7. Lack of Network Segregation
Without proper network segregation, the risk of lateral movement after an initial breach increases.
- Physically or logically separate IoT networks from business-critical networks to avoid expansion of threats.
- Control IoT network traffic and limit internet access, especially for resource-constrained devices, to enhance IoT device security.
- Restrict east-west communication between IoT devices to only authorized destinations.
- Use VLANs and firewall policies to micro-segment networks based on the criticality and function of devices/applications.
- Isolate experimental devices from production ones using air-gapped test networks.
8. Improper Device Disposal
Thoughtless device disposal can nullify all other security measures by risking exposure of sensitive data residues.
- Ensure devices due for disposal are securely wiped, and all credentials/data are removed or destroyed non-retrievably.
- Physically destroy storage devices or degauss them for permanent data erasure.
- Leverage asset management tools for tracking hardware inventory and scheduling devices for secure retirement.
- Adopt policies prohibiting the resale of old devices to third parties who may try to recover sensitive data.
9. Weak Identity and Access Management
Weak identities make implicit trust assumptions that are easy targets for attackers.
- Implement robust access controls based on user identities and attributes like department and location instead of open access.
- Restrict default/backdoor accounts and credentials where possible.
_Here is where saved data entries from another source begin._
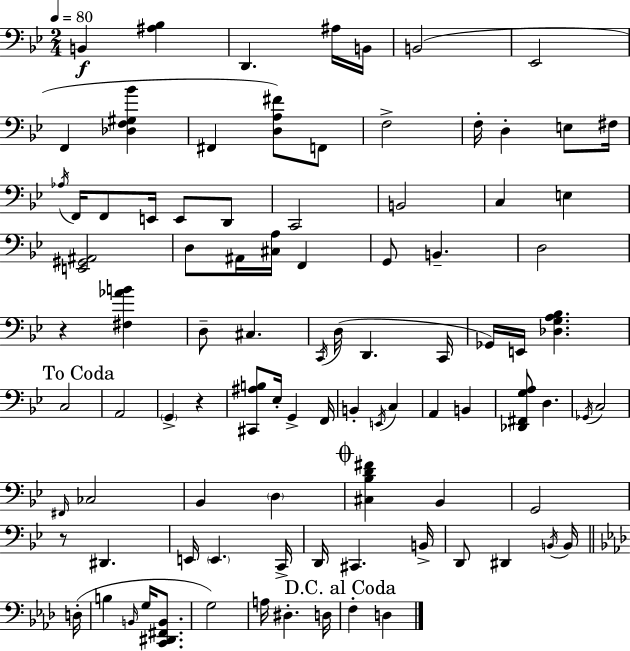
{
  \clef bass
  \numericTimeSignature
  \time 2/4
  \key bes \major
  \tempo 4 = 80
  \repeat volta 2 { b,4\f <ais bes>4 | d,4. ais16 b,16 | b,2( | ees,2 | \break f,4 <des f gis bes'>4 | fis,4 <d a fis'>8) f,8 | f2-> | f16-. d4-. e8 fis16 | \break \acciaccatura { aes16 } f,16 f,8 e,16 e,8 d,8 | c,2 | b,2 | c4 e4 | \break <e, gis, ais,>2 | d8 ais,16 <cis a>16 f,4 | g,8 b,4.-- | d2 | \break r4 <fis aes' b'>4 | d8-- cis4. | \acciaccatura { c,16 }( d16 d,4. | c,16 ges,16) e,16 <des g a bes>4. | \break \mark "To Coda" c2 | a,2 | \parenthesize g,4-> r4 | <cis, ais b>8 ees16-. g,4-> | \break f,16 b,4-. \acciaccatura { e,16 } c4 | a,4 b,4 | <des, fis, g a>8 d4. | \acciaccatura { ges,16 } c2 | \break \grace { fis,16 } ces2 | bes,4 | \parenthesize d4 \mark \markup { \musicglyph "scripts.coda" } <cis bes d' fis'>4 | bes,4 g,2 | \break r8 dis,4. | e,16 \parenthesize e,4. | c,16-> d,16 cis,4. | b,16-> d,8 dis,4 | \break \acciaccatura { b,16 } b,16 \bar "||" \break \key aes \major d16-.( b4 \grace { b,16 } g16 <c, dis, fis, b,>8. | g2) | a16 dis4.-. | d16 \mark "D.C. al Coda" f4-. d4 | \break } \bar "|."
}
Delete or deactivate unused accounts.
- Support multidimensional identity attributes beyond usernames for a granular authorization model.
- Integrate with corporate user directories/identity stores for SSO where users can be uniquely identified.
- Rotate/expire tokens and credentials automatically when users change roles or terminate employment.
10. Lack of Audit Trails
Proper logging and auditing make it possible to know who accessed what resources and when.
- Maintain audit trails by systematically logging the activity of users, devices, and system/application components.
- Ensure logs capture details like user IDs, actions done, resources and data accessed along with timestamps.
- Centralize logs from all platforms and devices to a secure log management server for analysis and retention.
- Establish mechanisms for continuous monitoring, detection and reporting of anomalies from logs.
- Integrate logs with SIEM for correlation with other events to identify sophisticated attacks spanning multiple vectors.
11. Lack of Vulnerability Management
Devices and code are vulnerable – act early to reduce business risks.
- Adopt a vulnerability disclosure program encouraging researchers to coordinate the disclosure of flaws.
- Automate vulnerability scanning of devices, code, configurations and third-party components regularly.
- Systematically track and rank vulnerabilities to prioritize remediation of critical flaws.
- Remediate high-impact flaws within defined timelines through patching, configuration hardening, etc.
- Consider compensating controls and segmented access if patches aren’t immediately available.
- Run penetration tests by independent assessors periodically to catch weaknesses in people and processes for securing your IoT device.
Secured IoT devices promises a secure future
Securing your IoT device requires a holistic approach with people, processes and technology working together seamlessly. While technology solutions address many vulnerabilities, oversight and procedures streamline their effectiveness. With the attack surface expanding rapidly, businesses must respond quickly and adopt proactive security practices upfront rather than encountering issues later.